- Why trusts 25 years ago are not the same as trusts today.
- Set up trusts for your kids, and specify exactly how they can use the money.
- Use trusts to protect your kid’s inheritance from creditors and the estate tax in the long run.
The idea of creating a trust for a child leaves many parents conflicted. On the one hand, trusts are a powerful estate planning tool. On the other, trusts make most folks picture spoiled trust fund babies.
Personally, I want my kids to feel the financial security of a future inheritance, but I don’t want that security to make them less productive today. So, how do you tackle the use of lifetime trusts for your children or other beneficiaries?
The History Of Trusts
I have two sons, and there are a variety of ways I can craft the inheritances they will receive. 50 years ago, the standard was pretty simple. Each would get a 50% interest in my assets, and if he was over the age of 21, he would get it all immediately. Only the ultra-high net worth considered using trusts to protect inheritances, probably because of three main factors. First, trust planning wasn’t common, and it was hard to find an attorney who was well versed in it. Second, most families didn’t consider themselves affluent enough to need a rarified trust and estate attorney. And third, a 21-year-old was considered an adult.
25 years ago, the standard approach to inheritance was very different. It was much more likely that I’d use a trust as my primary estate planning document, which meant it was much easier to build some layers of protection around my sons’ inheritances. The most common was age-based. Instead of allowing my son full access at age 21 (which no longer seemed a responsible age), I might delay distribution so that he got access to smaller amounts over a determined period of time. “A third at age 25, a third at age 30, and a third at age 35” became pretty common.
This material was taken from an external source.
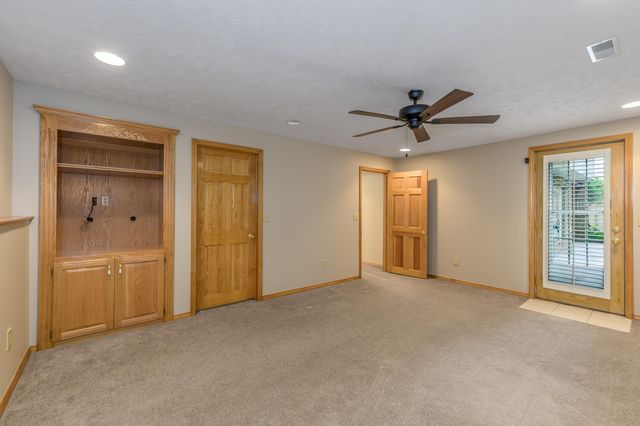 4602 S Forest Avenue, Springfield, MO 65810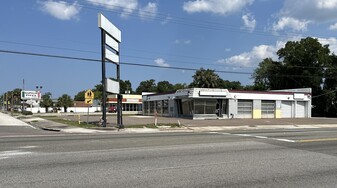 1227 University Blvd N, Jacksonville FL - Propriété automobile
Today, estate planners routinely suggest leaving a child’s inheritance in trust for a lifetime, with no specified date of distribution. Instead, the trust allows the child to use the assets for certain purposes and sets ages at which the child can start to make decisions about use on his or her own.
Why this shift?
If I direct my sons’ inheritances through a trust, I can give specific instructions about who can use the assets and how they can use them. If I limit use to what the IRS calls “ascertainable standards,” then I can make my sons the only people who should benefit from my assets. If I still want each of my sons to benefit from half of my assets, employing these standards is easy. In my trust, I simply say that my oldest son’s share of the assets can be used only “to provide for his health, education, maintenance and support.” These standards effectively mean the assets can be used to provide for his normal living expenses.
How Trusts Work
Trust standards are adaptive to different life stages. The normal living expenses of a 25-year old, for example, should be much lower than those of a 45-year old. As my son’s life gets more complicated (think mortgages, car payments, or child care), he’ll naturally need more money. The standards adapt to this, which means I do not really limit his access to his inheritance by keeping it in trust. But my instruction that the assets be used for HIS health, education, maintenance and support is a powerful limitation.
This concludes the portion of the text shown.